After rehearsals, he would take her home and gradually gained her complicity, accentuated by the fact that he was giving her work. But he never missed an opportunity to remind her that she was in theatre thanks to him. "You could never stand to see another actress on stage," he would say to her. When she decided to end the relationship, he tried to blackmail her: "What are you going to do now? Who will hire you if you leave my theatre?"

Psychological abuse

"He was managing my career. 'You have to start with small roles and then we'll see,' he would tell me. He managed to make me very dependent on him in my work and emotionally," explains Júlia, who believes that behind that relationship there was obvious "psychological abuse" and "abuse of power", his clearly pre-eminent position allowing him to manipulate her because of the age difference. When she had the strength to walk away, he played all the cards to make her feel guilty. "He would tell me, 'I already knew you would leave me and do this to me. You're crazy,'" she explains. He would also turn to her parents and say: "Someone has changed my Júlia".

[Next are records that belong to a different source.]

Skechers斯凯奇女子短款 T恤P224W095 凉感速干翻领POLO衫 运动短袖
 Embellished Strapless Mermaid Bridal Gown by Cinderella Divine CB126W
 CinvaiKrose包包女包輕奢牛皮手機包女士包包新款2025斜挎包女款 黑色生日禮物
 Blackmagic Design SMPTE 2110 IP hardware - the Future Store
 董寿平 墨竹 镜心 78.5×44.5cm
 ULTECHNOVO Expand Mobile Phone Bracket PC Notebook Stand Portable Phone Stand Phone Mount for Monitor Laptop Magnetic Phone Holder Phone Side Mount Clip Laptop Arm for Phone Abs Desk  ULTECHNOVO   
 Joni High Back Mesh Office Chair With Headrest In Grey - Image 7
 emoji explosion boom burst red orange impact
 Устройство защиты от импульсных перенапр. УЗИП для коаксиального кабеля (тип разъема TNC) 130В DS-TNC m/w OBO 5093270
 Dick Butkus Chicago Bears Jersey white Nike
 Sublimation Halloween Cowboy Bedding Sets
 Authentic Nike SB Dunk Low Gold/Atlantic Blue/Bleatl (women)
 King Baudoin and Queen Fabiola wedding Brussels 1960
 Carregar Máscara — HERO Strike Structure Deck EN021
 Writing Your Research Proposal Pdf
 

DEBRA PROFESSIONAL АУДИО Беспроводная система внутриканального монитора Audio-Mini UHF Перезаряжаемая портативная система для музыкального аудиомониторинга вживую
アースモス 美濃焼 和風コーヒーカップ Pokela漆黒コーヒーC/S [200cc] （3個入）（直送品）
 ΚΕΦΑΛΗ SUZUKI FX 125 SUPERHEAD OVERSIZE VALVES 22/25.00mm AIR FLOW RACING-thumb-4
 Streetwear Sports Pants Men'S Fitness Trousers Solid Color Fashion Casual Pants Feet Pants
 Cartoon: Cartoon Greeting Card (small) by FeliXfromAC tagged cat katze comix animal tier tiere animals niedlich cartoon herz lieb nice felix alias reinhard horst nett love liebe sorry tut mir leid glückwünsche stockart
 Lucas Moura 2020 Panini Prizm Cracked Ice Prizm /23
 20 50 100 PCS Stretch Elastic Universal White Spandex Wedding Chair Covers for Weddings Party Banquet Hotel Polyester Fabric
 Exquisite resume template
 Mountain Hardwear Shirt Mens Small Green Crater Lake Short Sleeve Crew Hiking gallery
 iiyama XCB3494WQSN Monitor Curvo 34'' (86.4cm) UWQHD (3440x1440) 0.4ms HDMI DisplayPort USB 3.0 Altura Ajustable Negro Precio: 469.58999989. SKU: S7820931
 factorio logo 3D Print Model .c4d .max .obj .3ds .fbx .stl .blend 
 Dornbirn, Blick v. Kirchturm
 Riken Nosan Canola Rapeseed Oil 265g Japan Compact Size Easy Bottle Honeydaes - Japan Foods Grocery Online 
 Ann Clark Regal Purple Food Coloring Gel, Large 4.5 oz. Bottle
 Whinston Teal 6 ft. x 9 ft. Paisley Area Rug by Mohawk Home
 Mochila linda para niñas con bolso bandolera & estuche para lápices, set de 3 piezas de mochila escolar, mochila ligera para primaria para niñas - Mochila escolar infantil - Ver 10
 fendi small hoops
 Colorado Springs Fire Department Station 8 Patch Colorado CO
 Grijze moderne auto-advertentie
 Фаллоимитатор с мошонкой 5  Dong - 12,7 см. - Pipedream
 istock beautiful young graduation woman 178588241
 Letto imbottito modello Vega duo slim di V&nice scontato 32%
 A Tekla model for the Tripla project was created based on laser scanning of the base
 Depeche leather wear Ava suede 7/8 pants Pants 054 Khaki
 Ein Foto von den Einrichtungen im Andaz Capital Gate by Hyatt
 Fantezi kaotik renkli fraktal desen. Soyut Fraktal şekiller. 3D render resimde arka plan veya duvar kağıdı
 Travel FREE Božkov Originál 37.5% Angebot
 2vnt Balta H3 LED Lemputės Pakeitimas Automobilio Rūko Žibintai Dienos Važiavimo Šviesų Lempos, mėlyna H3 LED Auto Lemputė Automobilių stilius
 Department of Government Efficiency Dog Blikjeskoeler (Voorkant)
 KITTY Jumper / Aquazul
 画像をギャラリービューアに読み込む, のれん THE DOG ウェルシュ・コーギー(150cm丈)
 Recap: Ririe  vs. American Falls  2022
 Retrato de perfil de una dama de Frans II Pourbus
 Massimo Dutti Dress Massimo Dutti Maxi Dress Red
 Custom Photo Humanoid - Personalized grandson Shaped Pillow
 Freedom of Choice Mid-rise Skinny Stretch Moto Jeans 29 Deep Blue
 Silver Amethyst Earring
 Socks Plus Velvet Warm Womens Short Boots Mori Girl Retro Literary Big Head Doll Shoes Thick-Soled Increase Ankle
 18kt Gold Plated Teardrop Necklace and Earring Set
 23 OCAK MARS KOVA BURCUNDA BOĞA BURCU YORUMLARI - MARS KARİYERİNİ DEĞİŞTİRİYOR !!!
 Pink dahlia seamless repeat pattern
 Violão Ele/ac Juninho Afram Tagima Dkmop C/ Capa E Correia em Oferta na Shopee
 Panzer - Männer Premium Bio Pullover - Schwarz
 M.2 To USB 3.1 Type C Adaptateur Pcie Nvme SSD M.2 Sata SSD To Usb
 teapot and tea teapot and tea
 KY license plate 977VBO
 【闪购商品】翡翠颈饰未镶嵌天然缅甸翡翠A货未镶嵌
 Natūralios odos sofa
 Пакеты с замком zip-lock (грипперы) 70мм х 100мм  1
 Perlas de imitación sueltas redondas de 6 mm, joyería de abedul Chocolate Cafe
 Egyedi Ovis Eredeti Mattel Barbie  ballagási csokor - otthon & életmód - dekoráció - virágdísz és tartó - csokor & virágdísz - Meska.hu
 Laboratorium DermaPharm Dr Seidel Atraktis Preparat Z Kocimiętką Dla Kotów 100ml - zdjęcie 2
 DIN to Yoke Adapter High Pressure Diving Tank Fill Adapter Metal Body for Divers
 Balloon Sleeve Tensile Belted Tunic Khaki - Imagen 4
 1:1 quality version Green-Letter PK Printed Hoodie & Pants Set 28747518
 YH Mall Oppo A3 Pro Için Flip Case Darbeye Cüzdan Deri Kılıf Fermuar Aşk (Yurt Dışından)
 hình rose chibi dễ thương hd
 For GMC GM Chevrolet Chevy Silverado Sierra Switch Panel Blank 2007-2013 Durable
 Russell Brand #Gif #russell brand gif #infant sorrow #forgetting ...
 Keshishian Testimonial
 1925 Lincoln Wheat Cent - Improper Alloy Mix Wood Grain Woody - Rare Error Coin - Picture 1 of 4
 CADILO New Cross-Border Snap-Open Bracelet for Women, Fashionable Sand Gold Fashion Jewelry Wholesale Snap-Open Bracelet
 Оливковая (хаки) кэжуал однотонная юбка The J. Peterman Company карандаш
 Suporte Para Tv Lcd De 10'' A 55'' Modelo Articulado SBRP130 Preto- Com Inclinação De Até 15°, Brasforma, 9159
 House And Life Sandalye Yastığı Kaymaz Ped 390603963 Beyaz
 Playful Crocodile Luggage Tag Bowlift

At the Institut del Teatre he was supposed to teach her a subject, but Júlia talked to the management and they changed her group. "They behaved very well," she admits. I couldn't see him. He had hurt her and, when their paths crossed, she felt the hurt. "Three years later I met him and my body began to tremble," she recalls. Júlia hesitated to make his name public, especially when she learned that other very young girls had told ARA about their relationship with him

With time, she has been able to face that part of the past and realise that "it was a consensual relationship that no one should have to live, neither at that age nor any other". Time have also allowed her to regain former friends she had lied to in order to protect the relationship. "But at this point it's still an open wound, because it made me distance myself from them and doubt the people I loved," she adds. She has also been able to reconcile with herself. "The many hours at the psychologist's have helped me to understand and accept everything that happened to me, and to know how to manage my lost adolescence. Now I have to learn to live with this wound, which I try to forget because it embarrasses me," she says. Luckily, my friends and family helped me open my eyes and I was able to get out of the hole I was trapped in".